Please set down exactly the lines from the one that contains "Anti-DNAJB6 Antibody (CAB7052)" through the end of the material, leaving out every picture.

● **Collected material**:
----

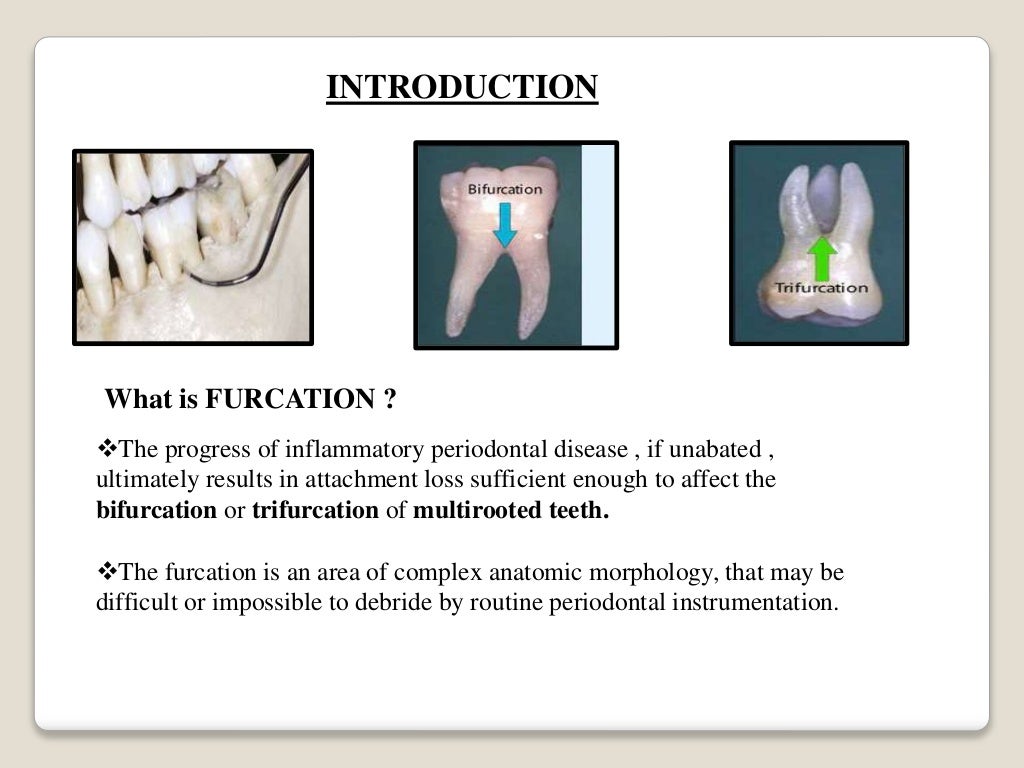 Periodontal probing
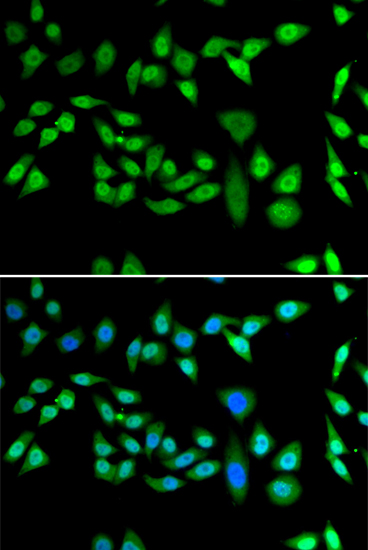 Anti-DNAJB6 Antibody (CAB7052)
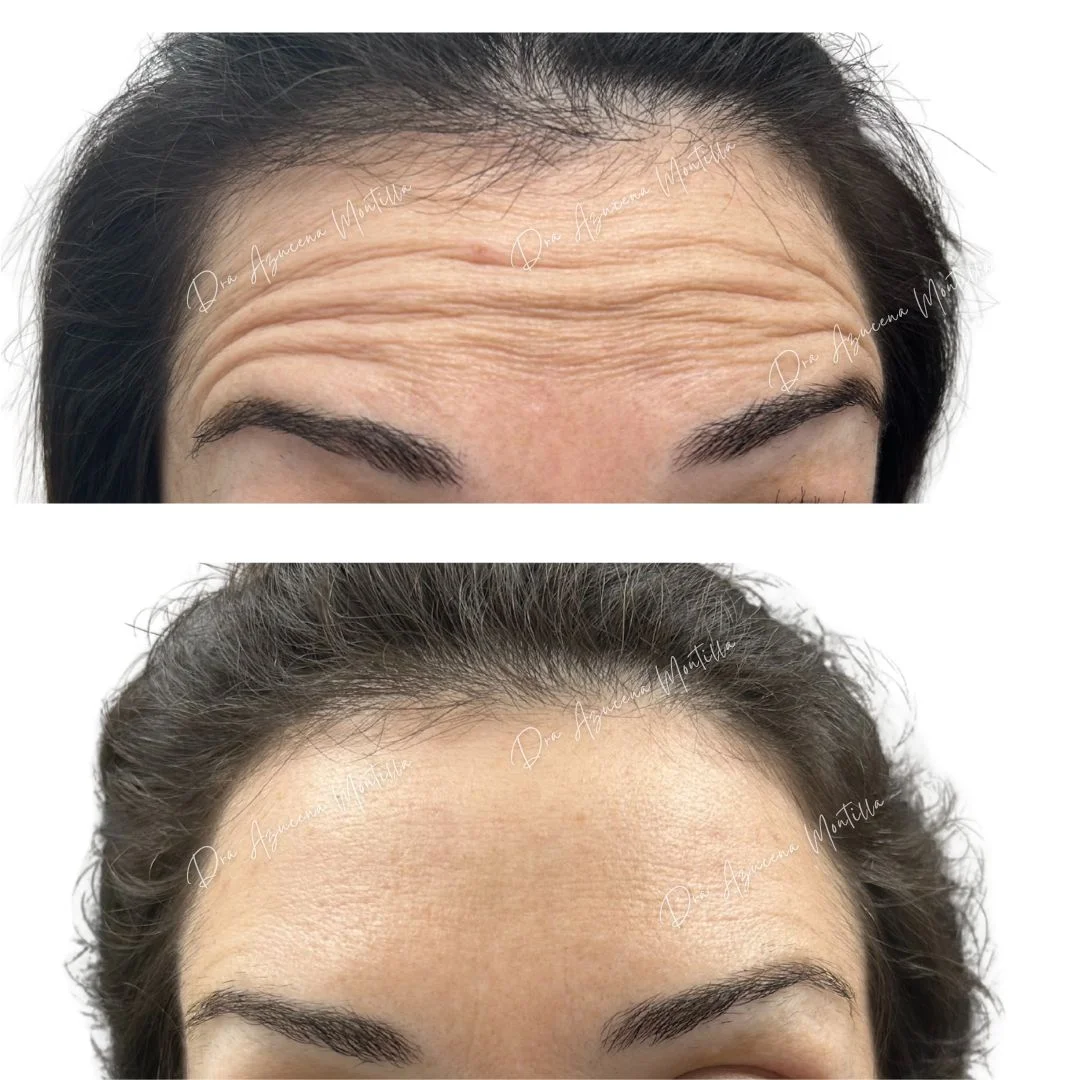 Resultado botox Padre Hurtado — Dra. Azucena Montilla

----

● **Response box**:
 Anti-DNAJB6 Antibody (CAB7052)
 Resultado botox Padre Hurtado — Dra. Azucena Montilla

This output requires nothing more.